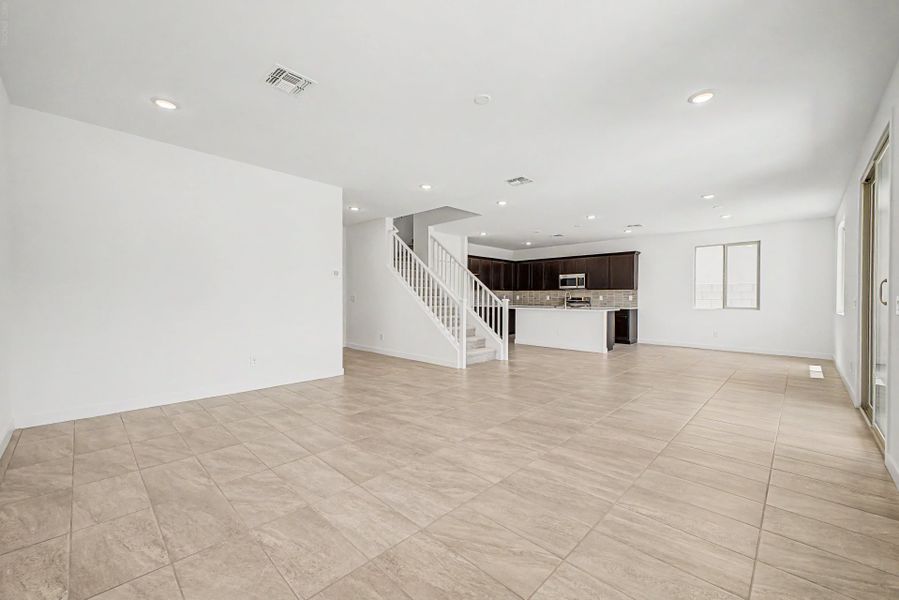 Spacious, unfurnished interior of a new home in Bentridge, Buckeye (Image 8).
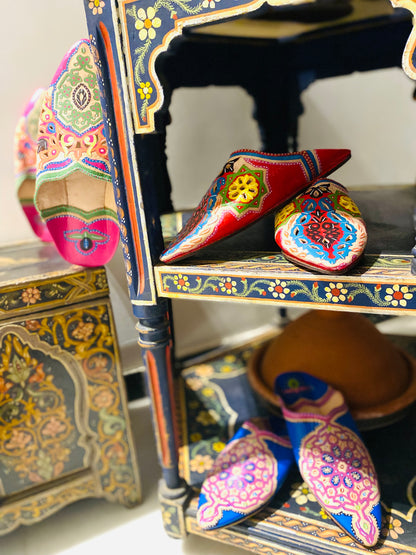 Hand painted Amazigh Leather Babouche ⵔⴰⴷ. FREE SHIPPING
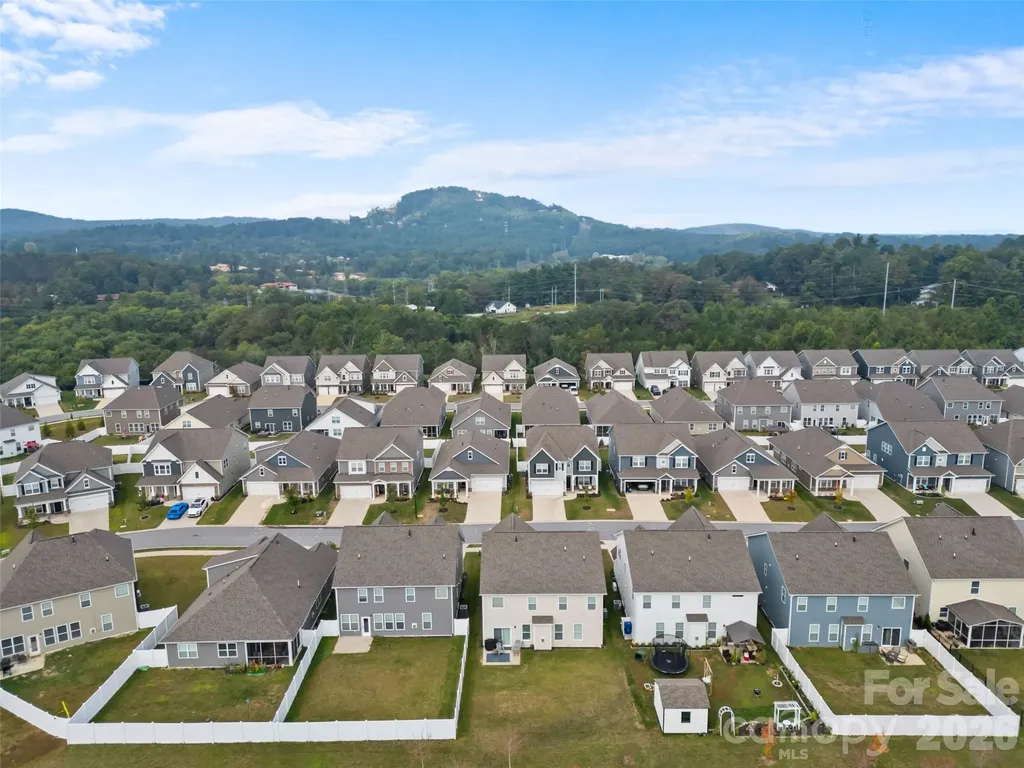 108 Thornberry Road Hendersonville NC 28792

Work to complete:
Print the lines from the line with "Hand painted Amazigh" to the end of the data above. Include both ends, exclude the pictures, and add nothing else.

Written response:
 Hand painted Amazigh Leather Babouche ⵔⴰⴷ. FREE SHIPPING
 108 Thornberry Road Hendersonville NC 28792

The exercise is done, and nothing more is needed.